The omitted footnotes are also significant. First, the “general rule” that “by interpretation we should not defeat Congress’ purpose of abridging the right of removal” was “not sufficient to displace the plain meaning of the statute.” Id. at *4 n.3 (citing and quoting Delalla v. Hanover Insurance Co., 660 F.3d 180, 189 (3d Cir. 2011)). Second, the argument that advanced technology allowing improved docket monitoring was more properly directed to Congress than to the courts:
We are aware of the concern that technological advances since enactment of the forum defendant rule now permit litigants to monitor dockets electronically, potentially giving defendants an advantage in a race-to-the-courthouse removal scenario. . . . If a significant number of potential defendants (1) electronically monitor dockets; (2) possess the ability to quickly determine whether to remove the matter before a would-be state court plaintiff can serve process; and (3) remove the matter contrary to Congress’ intent, the legislature is well-suited to address the issue.
Id. at *4 n.4.
The Encompass Insurance court therefore unanimously concluded that §1441(b) said what it said when it predicated the forum defendant exception on such defendants being “properly joined and served” and that courts must respect what Congress enacted:
In short, [defendant] has availed itself of the plain meaning of the statute, for which there is precedential support. [Plaintiff] has not provided, nor have we otherwise uncovered, an extraordinary showing of contrary legislative intent. Furthermore, we do not perceive that the result in this case rises to the level of the absurd or bizarre. There are simply no grounds upon which we could substitute [plaintiff’s] interpretation for the literal interpretation. Reasonable minds might conclude that the procedural result demonstrates a need for a change in the law; however, if such change is required, it is Congress − not the Judiciary − that must act.
Id. at *5. Finally, the defendant’s previous agreement to accept service did not preclude it from delaying such acceptance until after it removed the case to federal court. “[W]e are unconvinced that [defendant’s] conduct − even if unsavory − precludes it from arguing that incomplete service permits removal.” Id.

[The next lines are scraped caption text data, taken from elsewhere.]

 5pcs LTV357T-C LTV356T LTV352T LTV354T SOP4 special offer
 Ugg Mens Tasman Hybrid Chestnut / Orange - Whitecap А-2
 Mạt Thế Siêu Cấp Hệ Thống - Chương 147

Thus, the debate is over in the Third Circuit, notwithstanding the prior decisions of some district judges in Pennsylvania, New Jersey, and Delaware to the contrary, and it is perfectly proper for defendants, whether “forum defendants” or otherwise, to monitor state-court dockets electronically for new lawsuits, and to remove diverse cases preemptively to federal court before the plaintiffs (often litigation tourists) can serve in-state defendants whose presence would otherwise preclude removal under §1441(b)(2).
The sound you hear is one more nail being driven in the coffin of litigation tourism.

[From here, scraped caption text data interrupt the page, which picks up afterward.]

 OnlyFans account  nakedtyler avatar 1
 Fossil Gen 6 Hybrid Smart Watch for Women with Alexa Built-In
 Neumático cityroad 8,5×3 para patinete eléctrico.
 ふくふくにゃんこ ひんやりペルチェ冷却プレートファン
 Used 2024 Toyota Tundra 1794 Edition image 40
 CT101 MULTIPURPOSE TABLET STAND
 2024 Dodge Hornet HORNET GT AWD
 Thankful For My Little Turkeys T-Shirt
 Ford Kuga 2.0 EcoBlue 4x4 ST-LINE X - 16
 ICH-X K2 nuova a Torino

One last thought. Query whether, if a defendant in a case in the Third Circuit were unfortunate enough to have removed before service and suffered remand under the “absurd result” rationale rejected in Encompass Insurance, the Third Circuit’s opinion constitutes an “other paper” creating grounds for removal that would support a second removal. While we don’t know the answer off-hand, it is a question that attorneys representing clients in that situation may want to address.